Иоанн Антонович - А. Сахаров (редактор)
Шрифт:
Интервал:
Закладка:
– Ну, Андрей Иванович, новость важная, – сказал он, поздоровавшись с министром. – Шенбергша входит к правительнице в милость. От камер-фурьера Кочнева узнал я сегодня, что ей приказано посылать приглашения по средам на обеды, а по воскресеньям на вечерние собрания у правительницы. Прежде этого не бывало.
– Точно, что не бывало, и правительница всегда держала её от себя очень далеко и принимала не иначе как только по особому разрешению, даваемому ей через гофмаршала. Ну, а ещё что нового? – порывисто спросил Остерман.
– Говорят ещё, что дела Шенберга замнут по желанию правительницы, а ему в награду за напрасное обвинение пошлётся александровская лента, – скороговоркой сообщал Стрешнев, а между тем его собеседник пожимал плечами.

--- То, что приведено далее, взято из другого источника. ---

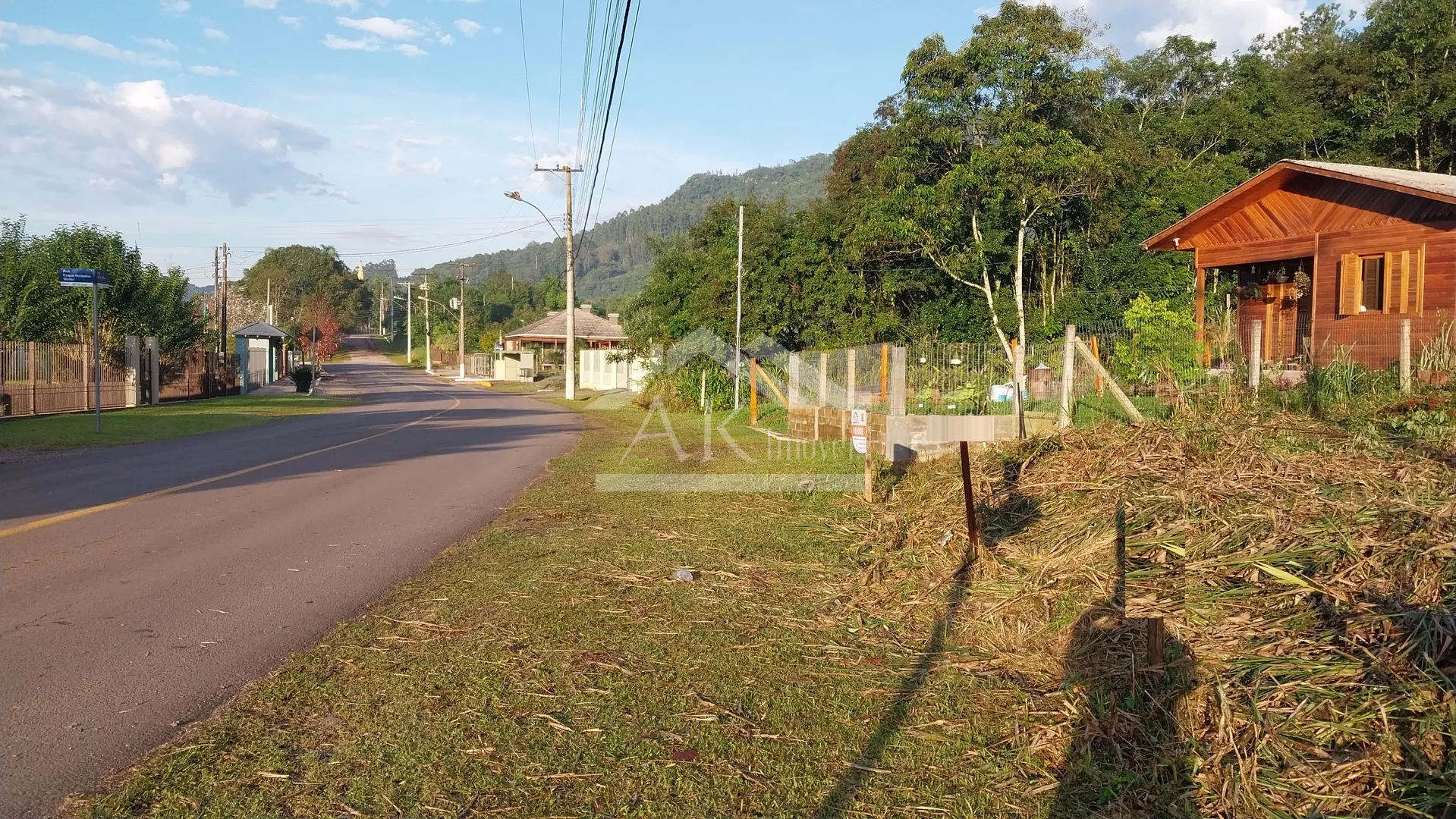 Amplo terreno a venda em bairro residencial em Picada Café na Serra Gaúcha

– А что же слышно о свадьбе?.. – спросил министр.
– Кого с кем?
– О свадьбе графа Линара с Юлианой Менгден, – отвечал Остерман своему удивлённому шурину и затем рассказал ему о посещении Шенберг и о её беседе.
– Пожалуй, что-нибудь эта разбитная баба Шенбергша и придумает. В последнее время Линар что-то особенно стал внимателен к ней, да и, верно, не кто иной, как он расположил правительницу в её пользу. Он же, конечно, помогает и барону покончить благополучно его делишки, за которые ему нелегко было бы рассчитаться. Надобно будет поразнюхать. Да к чему, впрочем, устраивать этот брак? – добавил Стрешнев.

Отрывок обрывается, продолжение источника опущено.